1. 58,000 ballots that were supposed to mailed out on Oct. 7 and 8 are late and appear to be missing.
2. 2505 absentee ballots were mailed on Saturday (October 30). Election is on Tuesday(Nov 2).
Most had been requested long before the deadline for absentee ballot requests.
3. Absentee voting problems were a "disaster." Voters were unable to confirm the status of their request for an absentee ballot. In some cases, by the time they realized a ballot wasn't on its way, it was too late. Hundreds of voters couldn't vote because their early orders for ballots disappeared
4. 94% of 78,861 absentee ballots were recorded in favor of Amendment 4, which passed by a thin margin in the county. The votes in question were counted late on election night after a glitch was discovered in the computers tallying absentees.
5. Nine of 14 early-voting polling sites had trouble linking laptops to the main computers that confirm voter eligibility.
6. After waiting in line for several hours, several voters were told late Sunday evening that they would have to come back another day to be able to cast their ballot. The machines had broken down.
7. At least 21 voting machines in Broward County malfunctioned and were replaced Tuesday. Most of them had been used by some voters before being taken out of service
8. An improperly calibrated machine at the polling place at 2501 Coral Springs Dr. in Coral Springs was used by an undetermined number of voters before it was replaced. If they did not review their ballots, it is possible that some votes were recorded inaccurately. Possibly other malfunctioning machines were also miscalibrated.
9. Several touch-screen voting machines in Broward County malfunctioned this morning when their batteries went dead.
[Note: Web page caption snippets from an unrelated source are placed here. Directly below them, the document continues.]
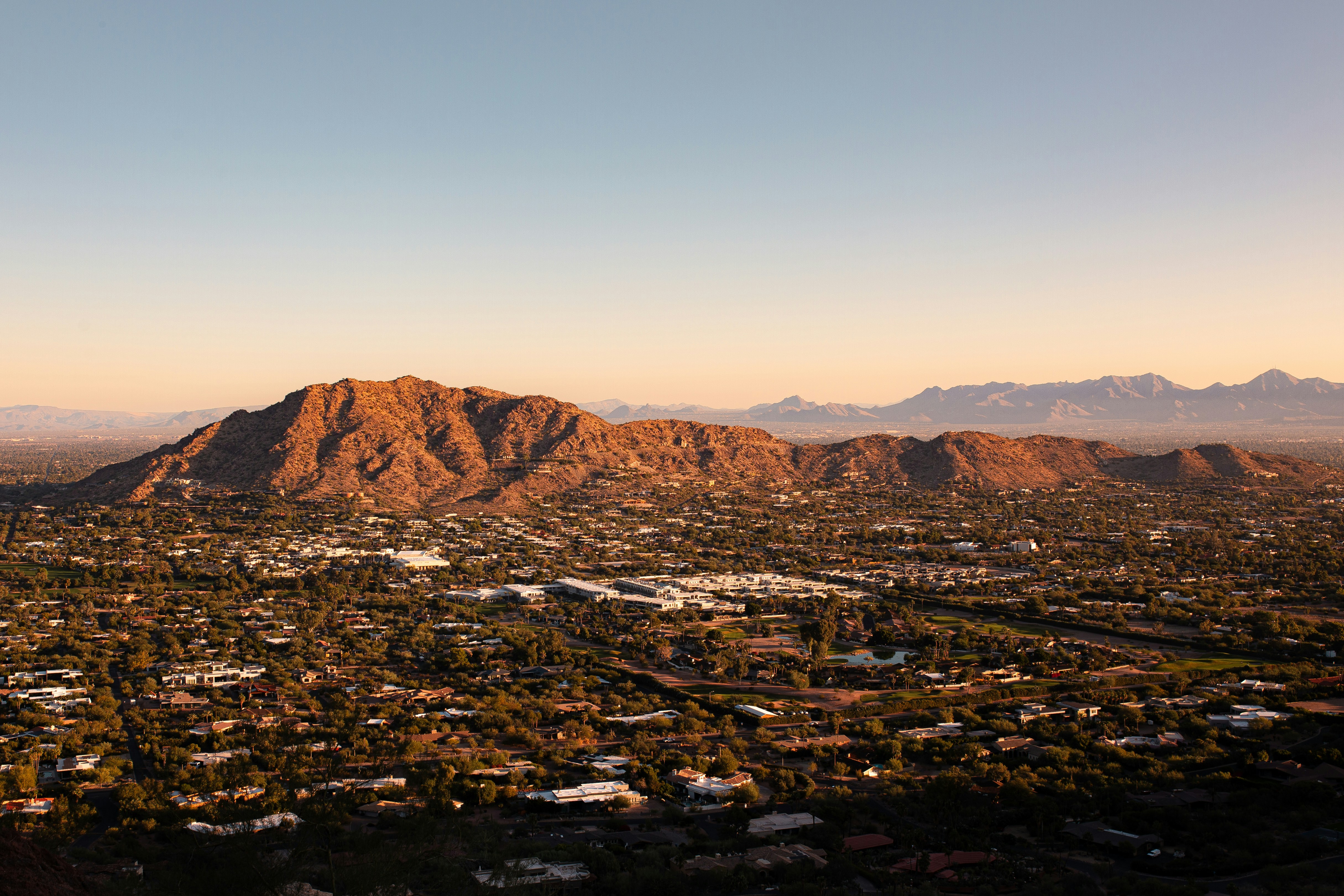 RF Engineering Jobs in Phoenix and Tucson: Missiles, Radar, and the Arizona Defense Market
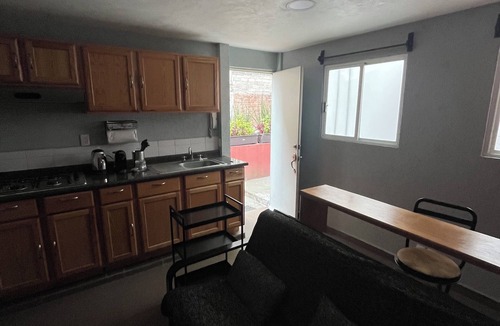 Del Carmen Apartment | Departamento SúperAnfitrión Coyoacan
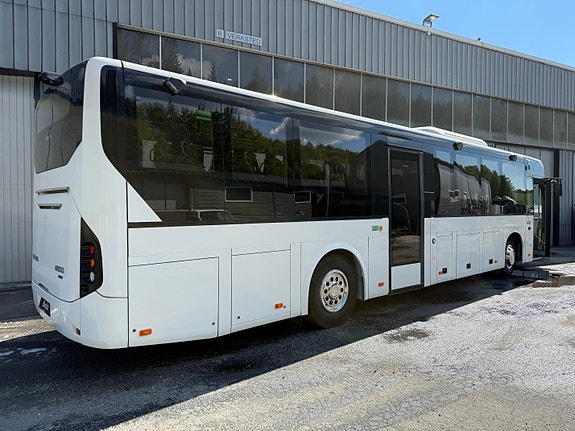 Volvo 8900. 12,2m. 20 enheter! 3 of 24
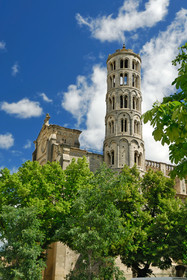 Uzès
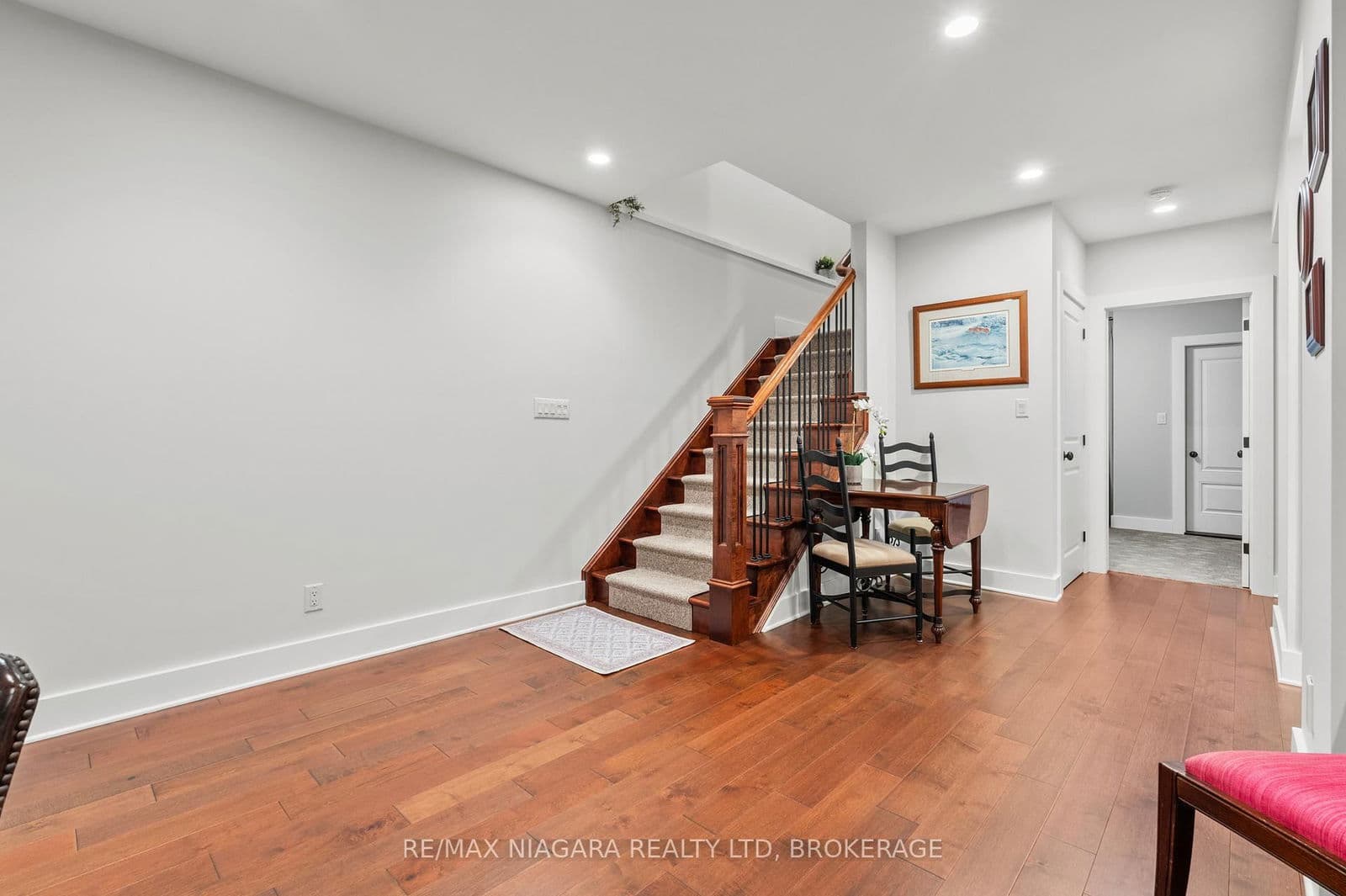 Att/Row/Townhouse at 13 COLONEL COHOE Street, Niagara-on-the-Lake, ON - Photo 25 - RE/MAX Garden City Realty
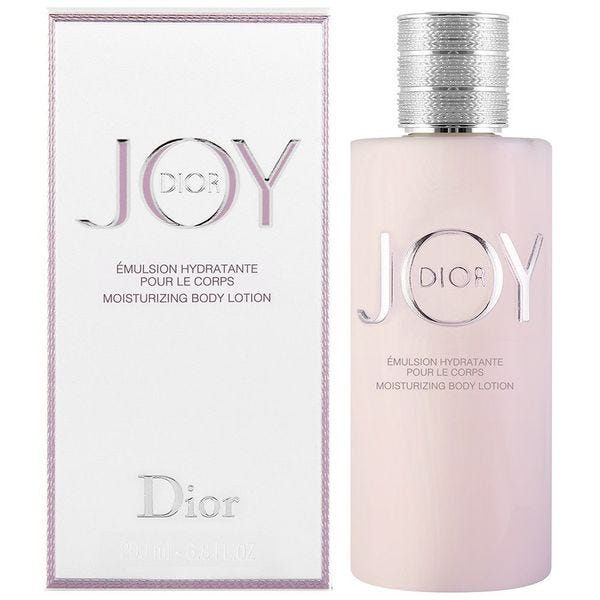 christian-dior-joy-womens-6.8-ounce-body-lotion-e49ceef3-886d-4a61-926b-ee23bcf39bc7_600 DIOR JOY FOR WOMEN BODY LOTION 200ML - Image 1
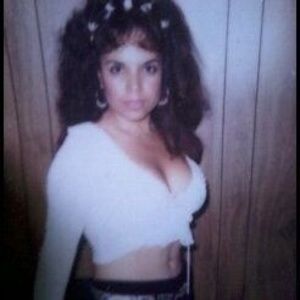 Meet your Posher, Josefina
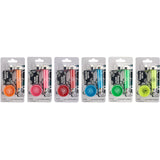 SET PIPA IN METALLO 7,5cm E GRINDER IN PLASTICA CON RETINE DI RICAMBIO - 12 PZ COLORI ASSORTITI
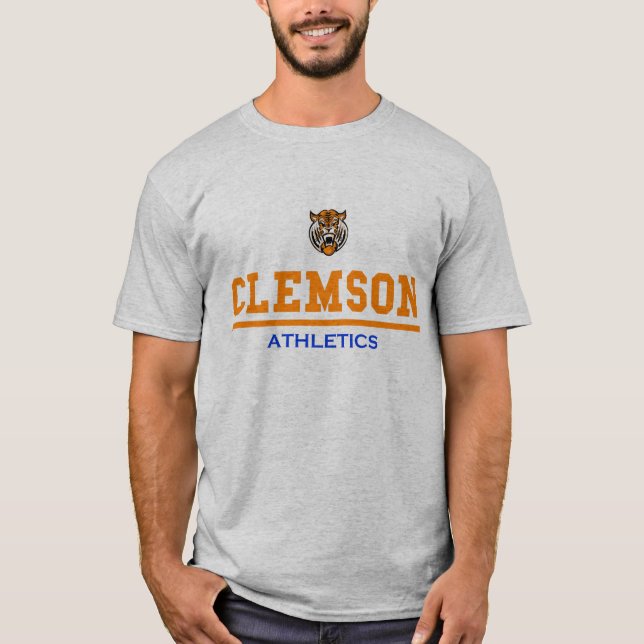 T-shirt John Trosko (Devant)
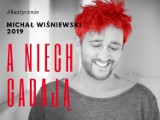 Są jeszcze bilety na piątkowy koncert Michała Wiśniewskiego w Wągrowcu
10. ES&S vote tabulating software used for absentee ballots "is not geared to count more than 32,000 votes in a precinct. So what happens when it gets to 32,000 is the software starts counting backward. Amendment 4 passed in Broward County by more than 240,000 votes rather than the 166,000-vote margin reported Wednesday night. ES&S has known about the problem for two years and done nothing about it. The same software is used in Martin and Miami-Dade Counties
11. Florida voters can't use provisional ballots except in their home precincts, the Florida Supreme Court unanimously ruled Monday. 90 polling places were destroyed by the hurricanes.
Secretary of State Glenda Hood applauded the decision because it will help ensure an orderly election.
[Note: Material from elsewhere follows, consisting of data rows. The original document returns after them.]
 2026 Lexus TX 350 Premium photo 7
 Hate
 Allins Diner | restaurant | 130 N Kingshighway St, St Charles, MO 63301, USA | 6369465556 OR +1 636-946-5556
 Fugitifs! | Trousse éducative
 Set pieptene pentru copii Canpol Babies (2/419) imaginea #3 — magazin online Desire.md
12. Broward County accepted on 2428 provisional ballots out of a "ton" of them. In many cases, clerks at the polling places gave provisional ballots to people who could have voted regularly, deputy registrar Salas said. She thinks many clerks had trouble with last names of voters with compound names -- they simply couldn't find their names in the precinct registers, even though they were there.

13. The vast majority of provisional ballots -- voters' last chance to have their voices heard -- were rejected. The majority of rejected ballots were cast by people who simply were not registered to vote. Other reasons: voting in the wrong precinct, signatures that didn't match those on file at the elections office and lapsed registrations because voters hadn't responded to address-verification requests and hadn't voted in at least four years.
14. Broward and Miami-Dade counties both have about 1,058,000 registered voters, but Miami-Dade has 20 early-voting sites, compared with Broward's 14. Every Miami-Dade site is equipped with at least 20 voting machines, while some in Broward have fewer than 10. Some voters wait 4-1/2 hours in Broward to vote.
15. Republicans and their attorneys say they are arming themselves with lists of voters whose registrations appear flawed, preparing to challenge voters on election day. But they refuse to give the list to officials who want to correct errors ahead of time.
16. University of California's Berkeley Quantitative Methods Research Team released a statistical study - the sole method available to monitor the accuracy of e-voting - reporting irregularities associated with electronic voting machines may have awarded 130,000-260,000 or more excess votes to President George W. Bush in Florida in the 2004 presidential election.